Se no início da pandemia no país os brasileiros vindos do exterior, ou que tinham contato com pessoas recém-chegadas de outros países, eram as mais suscetíveis a contraírem o coronavírus, hoje a situação é diferente: pesquisas que analisam a letalidade da Covid-19 no Brasil mostram que componentes como etnia, renda e escolaridade são decisivos nos efeitos causados pela doença. Segundo dados da PUC-Rio, a taxa de morte pela Covid-19 entre a população negra e de baixa escolaridade é de 80,35%, enquanto brancos com nível superior apresentam taxa de letalidade de 19,65%.
Para enfrentar a crise do coronavírus não apenas em seus aspectos médicos e biológicos, mas também sua face social, as políticas de inclusão adotadas pelas universidades de todo o mundo são fundamentais na redução das desigualdades que se acentuam com a pandemia. Foram esses os temas discutidos em um webinário promovido pela GAPS - Global Access to Postsecondary Education, entidade global que reúne pesquisadores e líderes educacionais na busca por ampliar o acesso e a diversidade no ensino superior. O evento digital foi realizado em 21 de julho e contou com a participação de Matheus Gomes (28), estudante do último ano de Engenharia Mecânica da Unicamp, que representou não apenas a Universidade, mas toda a América do Sul.
Ex-aluno do Colégio Técnico de Campinas (Cotuca), Matheus foi presidente da Motriz - Empresa Júnior da Faculdade de Engenharia Mecânica da Unicamp e também do Conselho Organizacional de Atividades Extracurriculares (COE) da unidade. Em sua passagem pela Universidade, ele também foi representante discente e atualmente participa da iniciativa de criação do Fundo Patrimonial da Unicamp.
Governança para as universidades e discussões étnico-raciais
Participaram juntamente com Matheus estudantes da Jamaica, África do Sul, Estados Unidos e Reino Unido. O bate-papo ocorreu em torno de dois aspectos principais: os efeitos da pandemia para as universidades e como ela se manifesta de formas diferentes para pessoas brancas, negras e de outras etnias.
Com base nas discussões realizadas, Matheus percebeu que o coronavírus impôs desafios às universidades de todo o mundo. No entanto, a forma com que os países lidaram com isso foi diferente. Segundo ele, enquanto nas nações desenvolvidas houve o cuidado para que protocolos e orientações gerais fossem formuladas e oferecidas às universidades, nos países em desenvolvimento, como é o caso do Brasil, a adoção de medidas que garantissem a continuidade do ensino e pesquisa foi uma prerrogativa das próprias universidades.

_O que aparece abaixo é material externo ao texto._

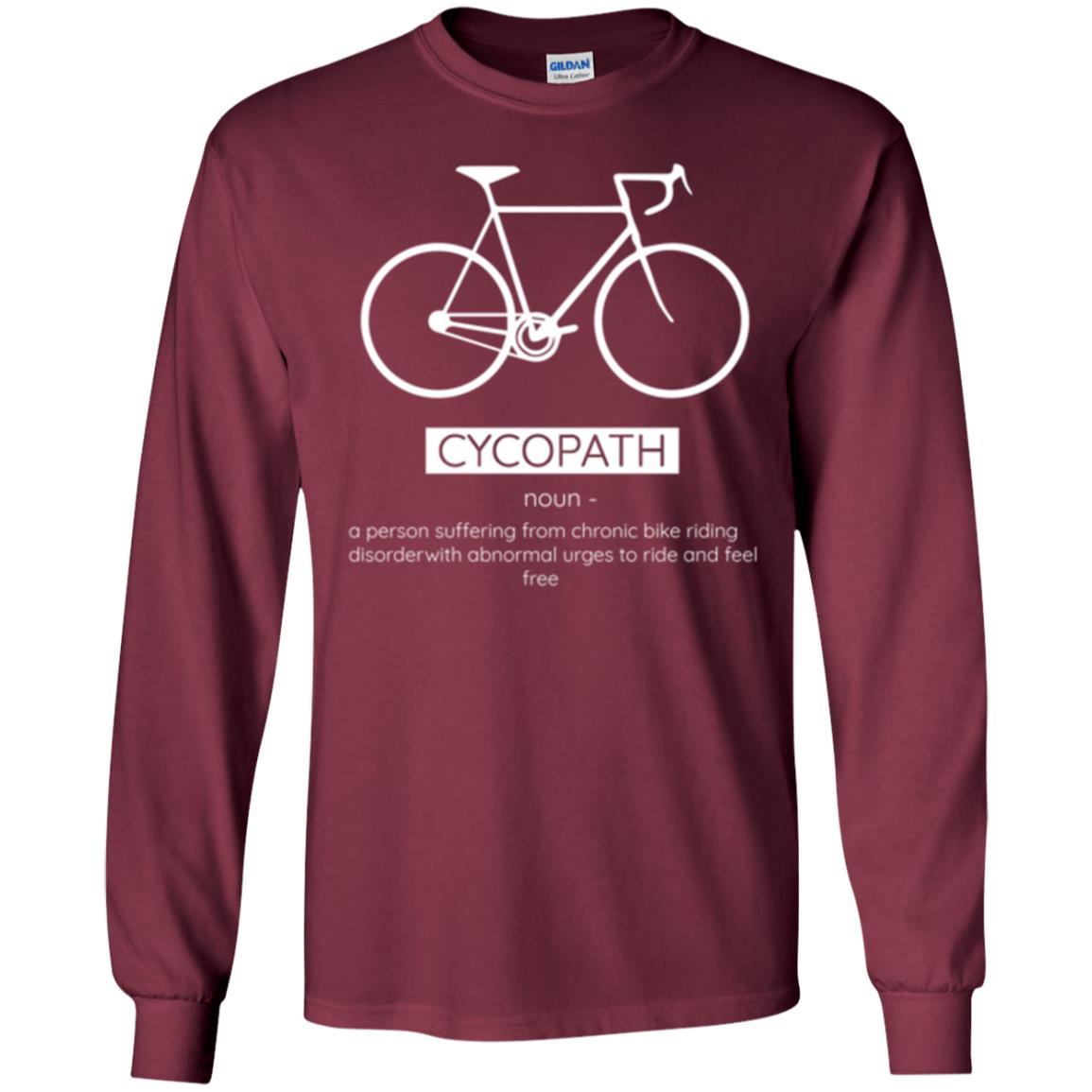 Biker T-shirt Cycopath Definition T-shirt Maroon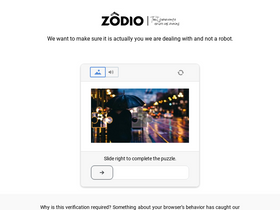 'zodio.fr' screenshot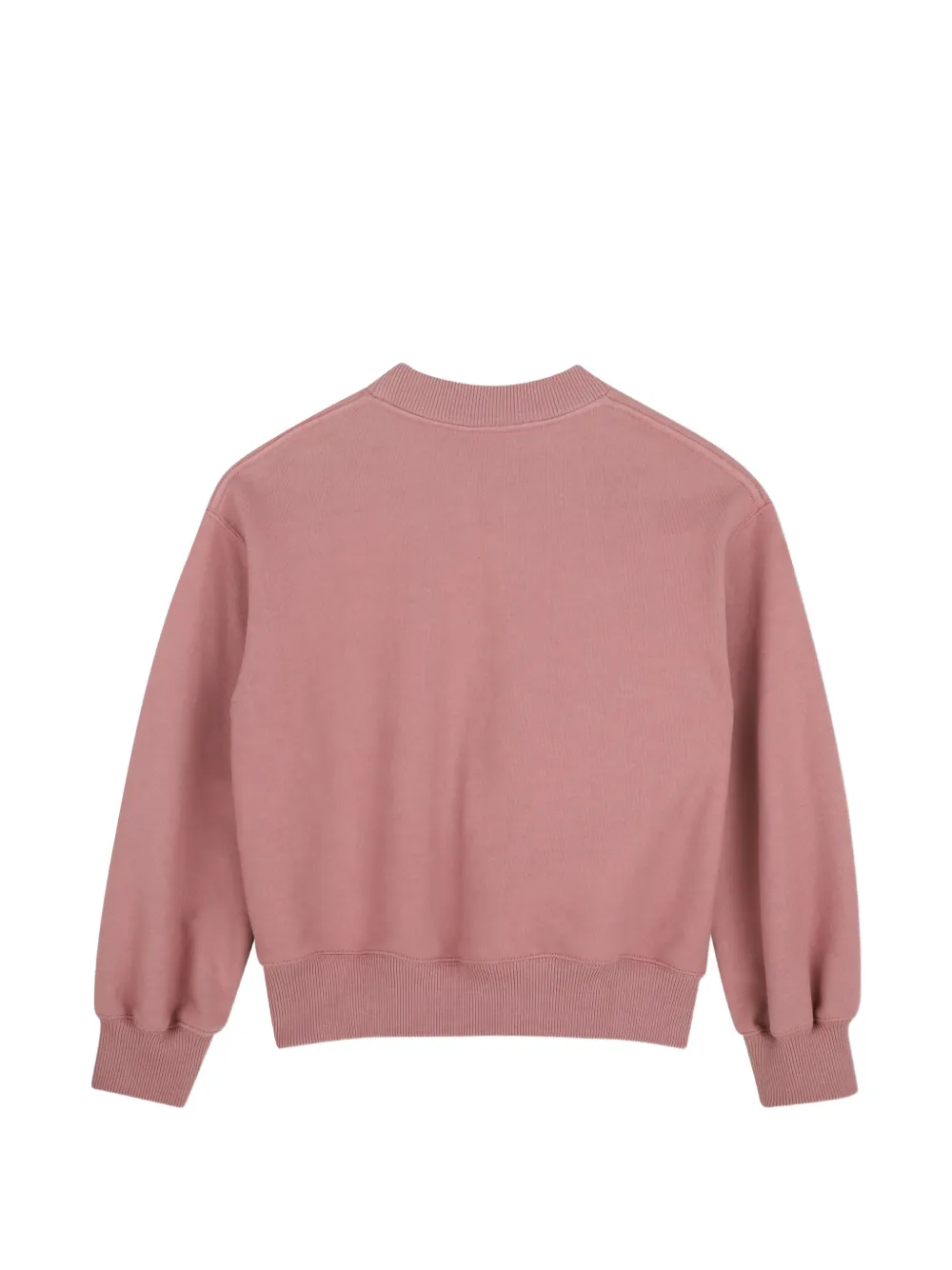 Chloé Kids Trui met hart-patroon en logo-print Roze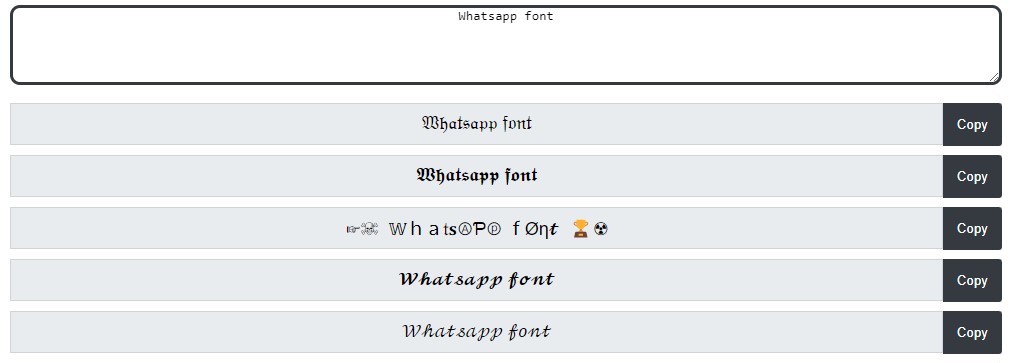 Whatsapp font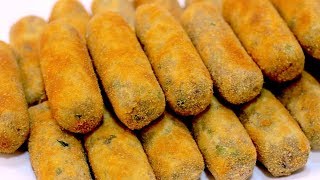 Receita de Croquetes de Carne  Muito saborosos [upl. by Odnomor159]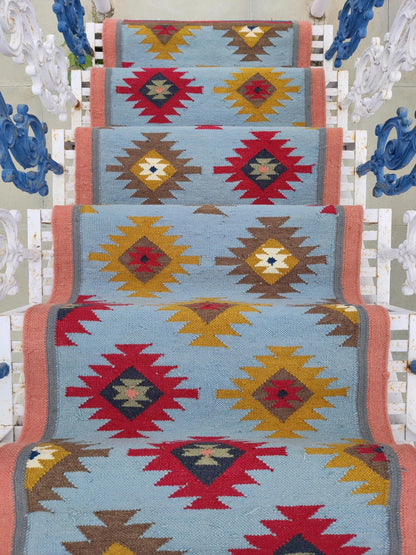 Colorful Cotton Runner Colorful Diamond Runner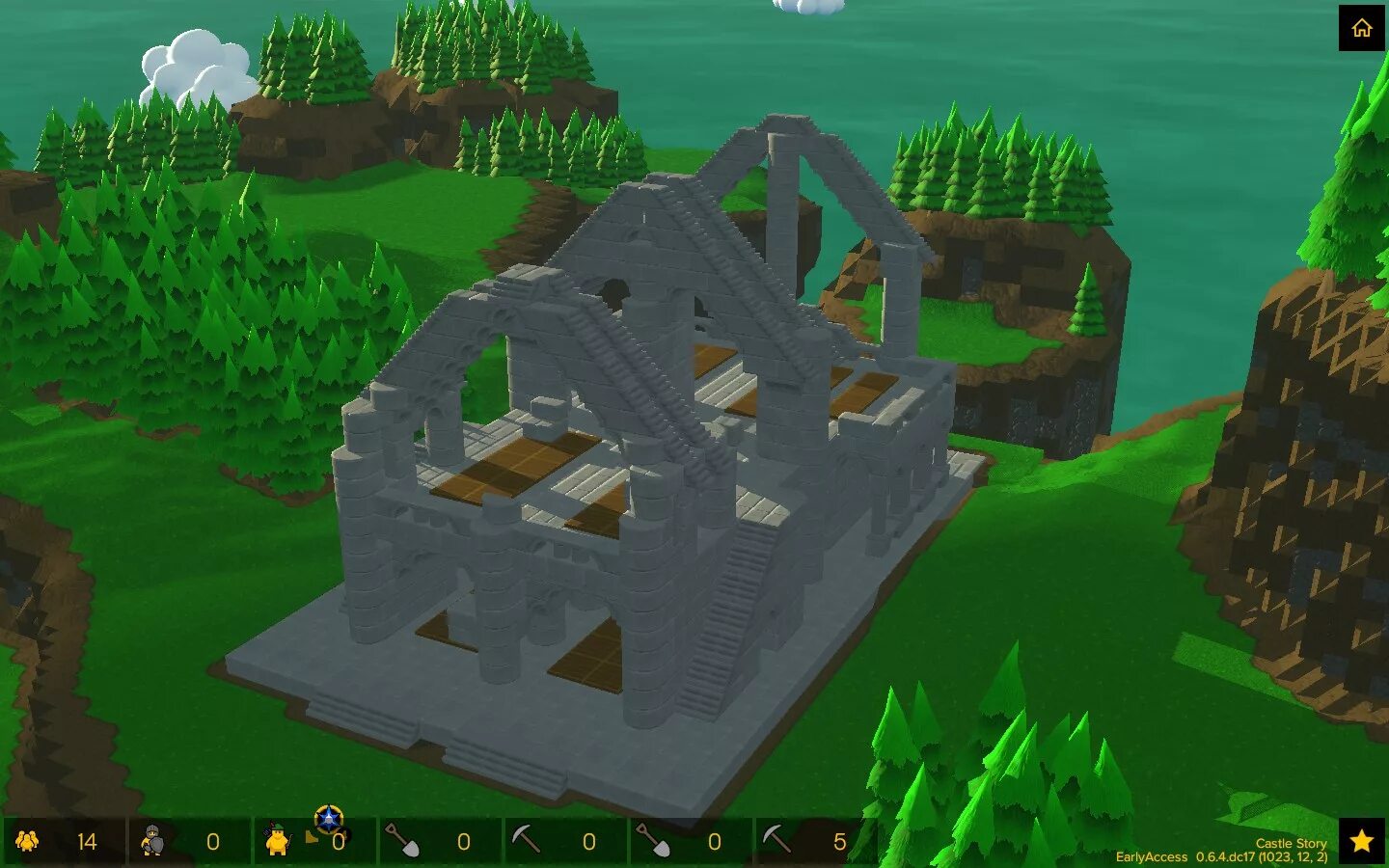 Build the castle. Игра castle story. castle story бриктроны. кастл стори постройки. castle story враги.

"Em alguns lugares era uma governança municipal, em outros era nacional. Mas de uma forma ou de outra, existia uma orientação de como deveriam ser tratados aspectos como plataformas de ensino, métodos de avaliação, modelos de aulas, se os alunos deveriam ter horários fixos para estudar. Uma vez que tudo isso estava claro para todo mundo, acredito que tenha facilitado a adaptação tanto dos estudantes quanto dos professores", relata Matheus. Sobre esse tema, o estudante apresentou a experiência da Unicamp em ter sido a primeira universidade pública do país a suspender as atividades presenciais, logo após a declaração de pandemia pela OMS, e também os trabalhos adotados para garantir que o ensino fosse continuado de forma remota.
"Eu destaquei esse ponto, não só o fato de ter sido pioneira e corajosa como universidade, mas também por ter trabalhado para trazer a inclusão para esse debate. O trabalho feito junto com a iniciativa privada de levantamento de dispositivos, chips de internet e outros recursos para que a grande maioria dos estudantes passasse por esse período totalmente negativo com o menor impacto possível foi algo muito bom que eu pude sentir e levei como um orgulho de poder fazer parte disso", afirma o estudante.
As medidas que garantem o acesso da população negra às universidades também foram discutidas e valorizadas ao longo do webinário. Matheus comenta que um consenso entre os representantes de diferentes países é o de que os efeitos da pandemia tendem a ser mais duradouros para os grupos mais vulneráveis da população, que são compostos majoritariamente por pessoas pretas e pardas. Por isso, ele acredita que garantir a esses grupos o acesso a espaços de liderança, onde a temática racial pode ser discutida e problematizada, é uma responsabilidade das universidades.
"Acredito muito que as grandes transformações raciais que o Brasil e o mundo precisam passar envolvem a formação de pessoas que fazem parte de grupos em posição de liderança. E a universidade tem um papel fundamental em formar esses líderes. Um ponto discutido no webinário é como essas universidades têm formado líderes, pessoas negras em posição de liderança, que futuramente vão poder ocupar essas posições de transformação do país. Nós precisamos formar não só mais universitários, mas líderes negros preparados para debater essa temática racial", analisa.
A íntegra do webinário será disponibilizada em breve no site do GAPS.